There’s a knock at the door, just now, in the light rain. Luis, the man who mows my lawn, has come to pick up the log splitter in the back woods by the property line. It weighs at least five hundred pounds and has flat tires. Luis can’t get it out alone and will return later this afternoon with his cousin, so they can pull it out of the woods and load it onto his truck. We’ve come to an agreement on the price and he’s already given me the cash. I’ll send that to Paul, if he drops the lawsuit.
Another envelope from my ex-husband arrives in the mail. I recognize his writing among the stack of bills and ads. I wonder why he uses his new name, Egnaro Rewolf, instead of his own. Maybe it’s a way of hiding on Facebook, on photographic sites of delicate little girls, in his new neighborhood. Although I hear he’s open about his prison sentence and being a sex offender, I can imagine him verbally eviscerating the authorities for stomping on his creativity, preventing him, a real artist, from producing original works of art.

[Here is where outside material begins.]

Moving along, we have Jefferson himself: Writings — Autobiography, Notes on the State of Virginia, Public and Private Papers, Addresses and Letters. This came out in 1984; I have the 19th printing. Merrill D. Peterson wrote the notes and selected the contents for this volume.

With hen scratches on small pieces of paper, he again lists books that the moving men, who picked up his property a month ago, didn’t get. Some I threw out years ago, including art books that had nude photos of children, such as Sally Mann’s respected and critically acclaimed book, The Immediate Family. It went in the dumpster, along with brochures and photos of nudist camps, and drawings of his students. Ten years ago, I was suspicious of his unhealthy fascination with youth, which contributed to his downfall, and wanted nothing related to that in my home. Another time, for a different man— all that might have been fine. For my ex-husband, it wasn’t.

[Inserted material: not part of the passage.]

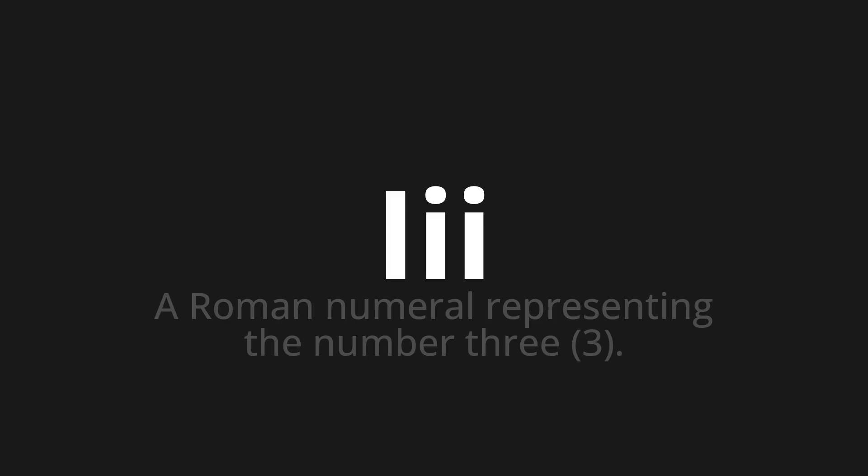Let's say it all together. Ⅲ. One more time. Ⅲ. Thank you for joining us on this adventure in pronunciation.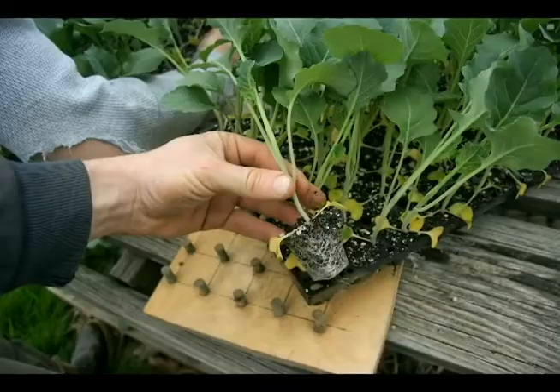For cabbage worms, again, rotation is an important control. The crops that cabbage worms affect are generally crops that we transplant, so providing really strong, healthy transplants out into the field is another important control. Those are the main cultural practices: growing good transplants and rotation.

The rain has stopped and Luis’ cousin has arrived to help. I wave as they leave the driveway, pulling a trailer with the log splitter secured.
One more reminder of his presence is gone. Another area cleared out. Now I can yank the weeds where the log splitter rested for so many years. There are only a few more things to accomplish before the garden will be ready for the Tour. I hope you’ll come. It’s on Sunday, June 14th.